Sterling jumped to a 2-month high against the euro after strong employment data suggested Britain's labour market remained robust despite an economic slowdown ahead of Brexit.
The pound slumped 7% in 2018 on Brexit concerns but it has started the year on the front foot with some investors viewing medium-term sterling valuations as decently priced.
The British currency rose half a percent today and neared $1.30 after data showed British workers' pay grew at the fastest pace in over 10 years.
The figures encouraged traders, who believe that a disorderly no-deal Brexit can be avoided, to buy the pound.
"The market is recognising that parliament will not allow the UK to leave Europe without a deal. Today's data will bolster the chances of a Bank of England interest rate hike as soon as May," said Kallum Pickering, an economist at Berenberg.
But with little time left until Britain leaves the EU on March 29, there is no agreement in London on how it should exit the world's biggest trading bloc. The chance of a "no-deal" exit with no provision to soften the economic shock persists.

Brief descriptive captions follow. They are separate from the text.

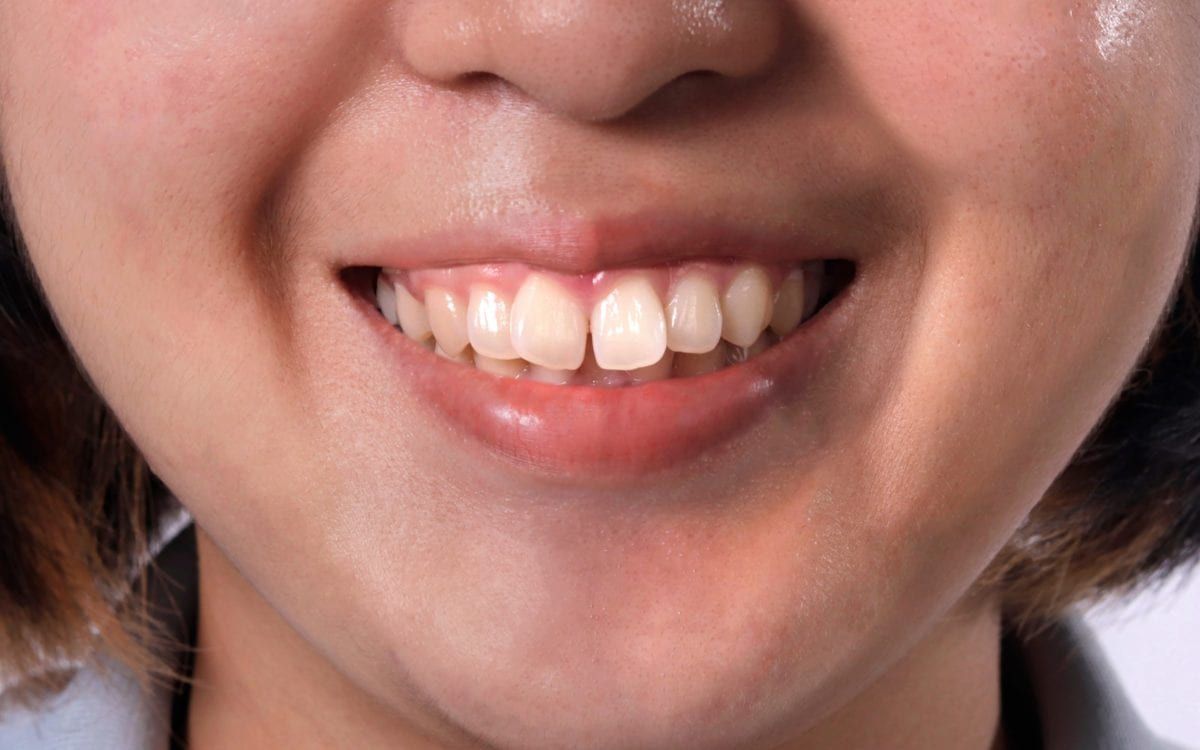 Smiling Person With Misaligned Teeth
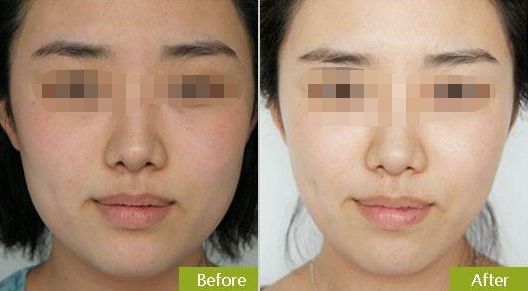 杭州哪家醫(yī)院能夠安全而有效地進(jìn)行隱形矯正？
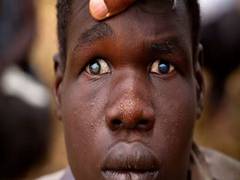 
      
      New diagnostic method for posterior uveitis eye disease
      
      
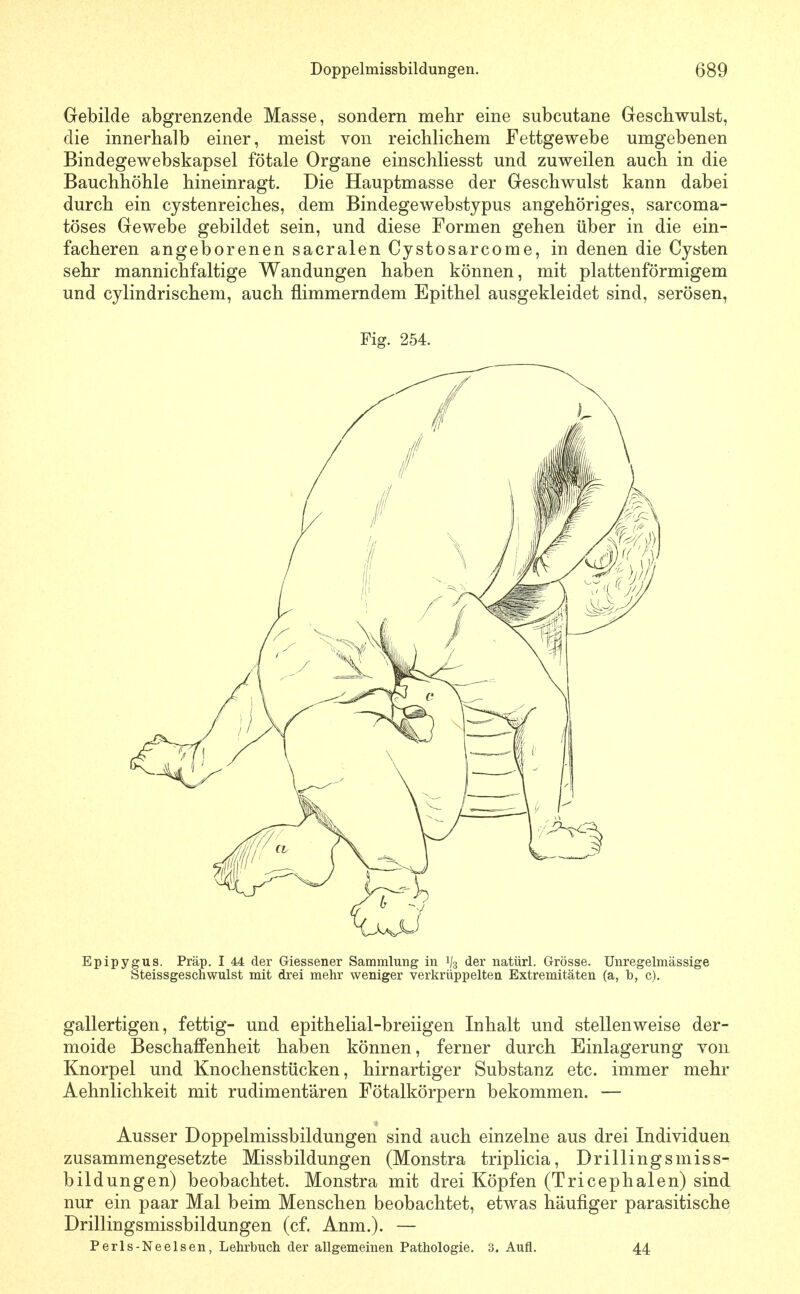 Gebilde abgrenzende Masse, sondern mehr eine subcutane Geschwulst, die innerhalb einer, meist von reichlichem Fettgewebe umgebenen Bindegewebskapsel fötale Organe einschliesst und zuweilen auch in die Bauchhöhle hineinragt. Die Hauptmasse der Geschwulst kann dabei durch ein cystenreiches, dem Bindegewebstypus angehöriges, sarcoma- töses Gewebe gebildet sein, und diese Formen gehen über in die ein- facheren angeborenen sacralen Cystosarcome, in denen die Cysten sehr mannichfaltige Wandungen haben können, mit plattenförmigem und cylindrischem, auch flimmerndem Epithel ausgekleidet sind, serösen. Fig. 254. Epipygus. Präp. I 44 der Giessener Sammlung in 1/3 der natürl. Grösse. Unregelmässige Steissgeschwulst mit drei mehr weniger verkrüppelten Extremitäten (a, b, c). gallertigen, fettig- und epithelial-breiigen Inhalt und stellenweise der- moide Beschaffenheit haben können, ferner durch Einlagerung von Knorpel und Xnochenstücken, hirnartiger Substanz etc. immer mehr Aehnlichkeit mit rudimentären Fötalkörpern bekommen. — Ausser Doppelmissbildungen sind auch einzelne aus drei Individuen zusammengesetzte Missbildungen (Monstra triplicia, Drillingsmiss- bildungen) beobachtet. Monstra mit drei Köpfen (Tricephalen) sind nur ein paar Mal beim Menschen beobachtet, etwas häufiger parasitische Drillingsmissbildungen (cf. Anm.). — Perls-Neelsen, Lehrbuch der allgemeinen Pathologie, 3. Aufl. 44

"The earnings figures have been somewhat overshadowed by continued Brexit chaos. Investors are focused on how Theresa May will negotiate with the EU over the next few days," said Tyler Griffin, a currency specialist at OFX.
Sterling firmed on Monday after British Prime Minister Theresa May sought to break a parliamentary deadlock over Brexit by proposing to seek further concessions from the European Union.
At 1630 GMT, sterling was up half percent at $1.2957. The British currency has traded within a tight range of $1.28-$1.30 for most of January.
Against the euro, the pound traded up 0.6 percent at 87.61 pence, its highest since November.